The influences are too many to speak of a single genre, there's gothic, there's death, there's black, but especially doom. It’s absurd to label it with just one genre, as the aim is precisely to traverse multiple musical genres through lyrics of dismay and dark mood, in English, German, and Latin. The work is complex and barely, hardly inclined to pleasurable listening. What envelops us is cold stone, slender light, and unchanging anguish.
The ensemble consists of 4 musicians engaged in various metal projects, each showcasing their personal experiences in their own way. That’s why we encounter sounds of timpani, lutes, flutes, pianos, organs, alongside the more "traditional" metal instrumentation like guitars, bass, drums. The result is a symphonic metal that, however, constantly shifts through passages of solo flutes, keyboards, acoustic guitars, and relentless rides marked by black scream or an abyssal growl. Marion's ethereal voice occasionally appears, expanding the range of this sound fusion. There's neither peace nor time to get carried away with the riffs, because everything alternates, albeit slowly, with perpetual regularity.

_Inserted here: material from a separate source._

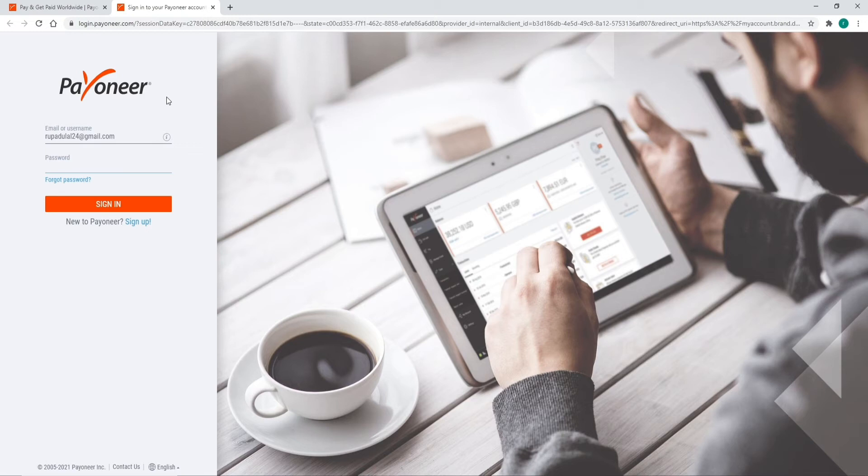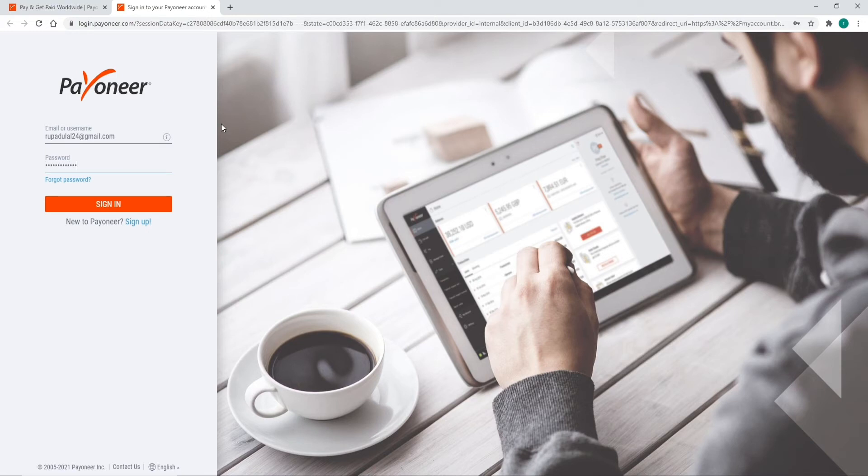Make sure to type in the correct password every time you log in. Once you do that, you can go ahead and click on the sign-in button. But in case you've forgotten your password, click on the forgot password link and follow the instructions to reset your password.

The intro "Des Nachtens suss Gedone" immediately transports us into a medieval atmosphere through the crystal-clear notes of a lute. Not even 2 minutes in and the 32 minutes of "Somnium Obmutum" begin. Three quarters of the CD are entrusted to this endless track. It starts with easily assimilated solos accompanied by drums that fluctuate between doom and black. It feels like a song that ends slowly, but in reality, it's the slow start of an ending that seems never to come... And after a piano and mournful keyboard pause, a new song seemingly begins, absurdly everything seems "mounted backwards," as if there's hope for a new beginning, materializing at the eighth minute with a distinctly black metal passage. The whole process progresses, completely abandoning the initial motifs. Again, a passage of piano, flutes, and organ gradually makes us realize that we're not even a third into "Somnium Obmutum"!!! Space for acoustic guitars that provide relief after oppressive and lacerating riffs. The relief is cut short in the subsequent reprise for a few minutes. There’s no time to rest, again passages resembling folk and immediately following the black. Slowly moving through convulsive phases and seemingly apparent death, the song eventually ends.
"As autumn calls" is an interlude (over 4 minutes) of wind-swept keyboards and sweet flutes. They end, so to speak, the 18 and a half minutes of "Ode to solitude", which insists on the style of "Somnium obmutum". The sensations of isolation and tedium are extremely strong, the fierce voice is that of a wounded soul finding no comfort in anything. And again, the illusion that after 5 minutes the track ends. Instead, slowly, moving through nature’s atmospheres and desolate landscapes, a new beginning brings back previous sensations. It goes on like this, from moments of sharp riffs to acoustic arpeggios.
Of rare beauty, as well as of rare renown, these 4 tracks perhaps encapsulate one of the most heterogeneous compositions in metal. Of slow listening and assimilation, the skill of these musicians who managed to put so much into so little is undeniable.